Can I connect to Vertica and HDFS in the same project using dbt core?

44 views Asked by At

I want to connect to Vertica and HDFS in the same project. I created a dbt project with command dbt init and try to connect to Vertica. It works but I don't know how to connect to hdfs to read data and load it to Vertica.

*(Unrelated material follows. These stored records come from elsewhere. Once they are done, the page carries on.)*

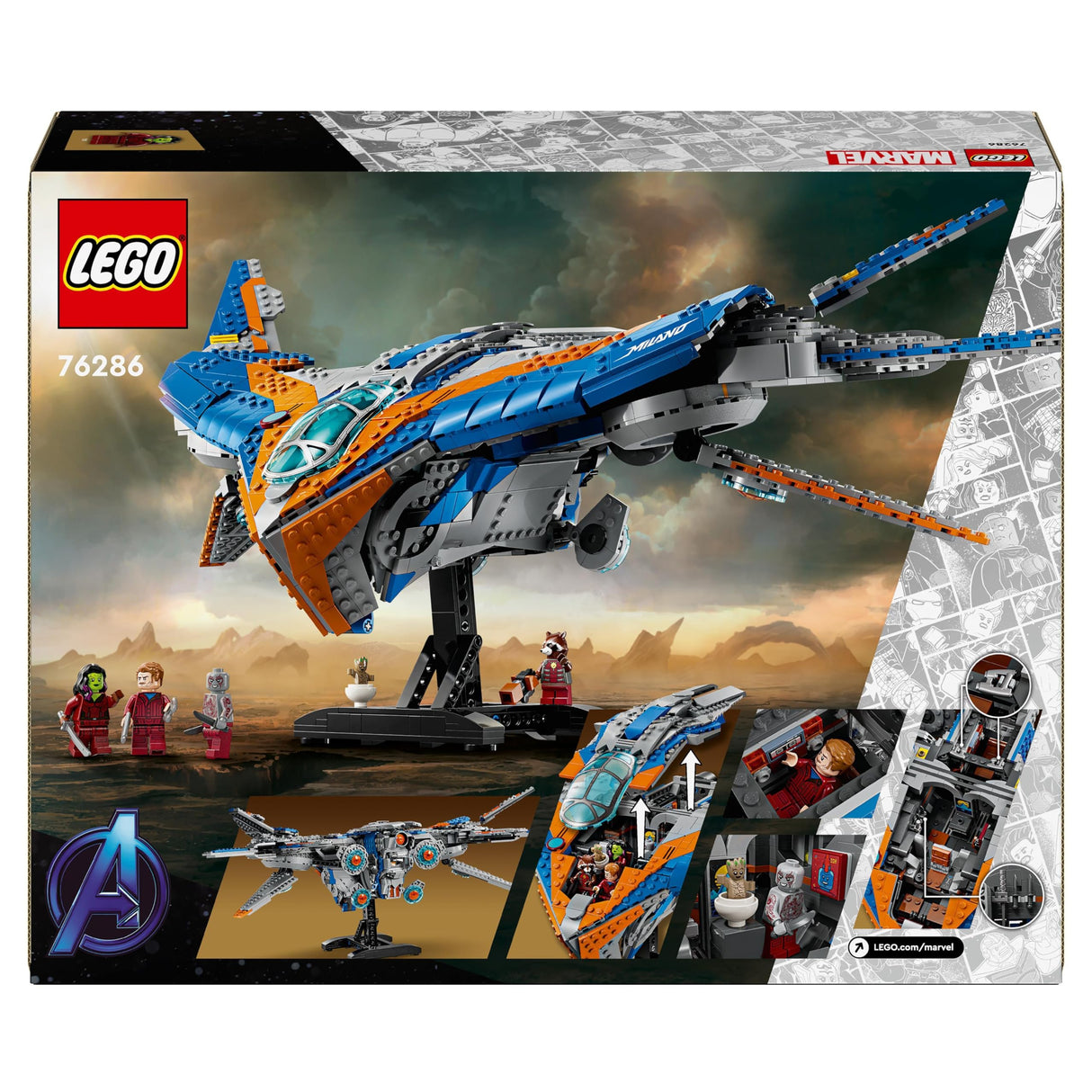 LEGO Marvel Guardianes de la Galaxia: La Milano Nave Espacial de Juguete de Construcción con 4 Minifiguras Inc. Gamora y Star Lord, Figura de Groot, Regalo para Niños y Niñas de 12 Años o Más 76286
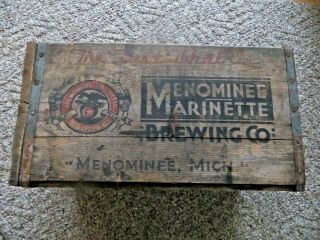 antique Menominee / Marinette Brewing Co.  wooden 1940 ' s beer bottle beer crate 3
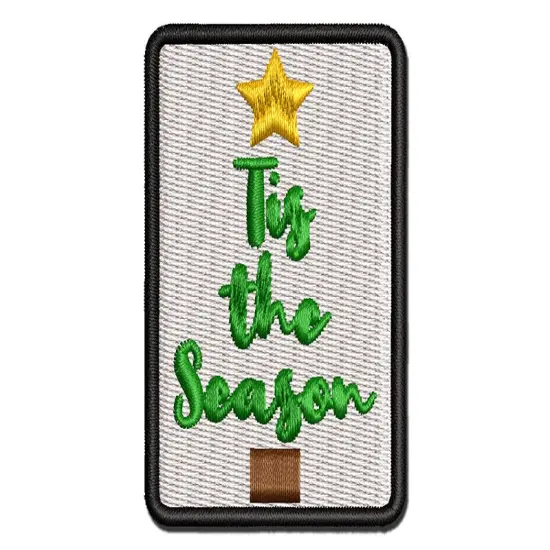 Tis the Season Christmas Tree Multi-Color Embroidered Iron-On or Hook & Loop Patch Applique {1}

I need to read and load data from HDFS to Vertica database. Is it possible?

1

There are 1 answers

0
marcothesane On BEST ANSWER

You could start reading the docu here: https://docs.vertica.com/23.4.x/en/data-load/working-with-external-data/creating-external-tables/

An example for Parquet on HDFS:

Step 1: Let Vertica infer the Parquet file's definition:

\a
Output format is unaligned.
\t
Showing only tuples.
SELECT infer_table_ddl(
  'hdfs:///data/tpch/region/'
||'3d5f4653-v_sbx_node0001-140498341713664-0.parquet' 
  USING PARAMETERS 
    format     = 'Parquet'
  , table_name = 'region'
  , table_type ='external'
)
vsql:infer.sql:7: WARNING 9311:  This generated statement contains one or more varchar/varbinary columns which default to length 80
create external table "region"(
  "r_regionkey" int, 
  "r_name" varchar, 
  "r_comment" varchar
) as copy from 'hdfs:///data/tpch/region/3d5f4653-v_sbx_node0001-140498341713664-0.parquet' parquet;

I would then suggest that you change the generated DDL statement to reflect the maximum lengths of r_name and r_comment (varchar(25) and varchar(152) , for example) before running it.

Once the command is executed, you can select from region as if it were a normal table.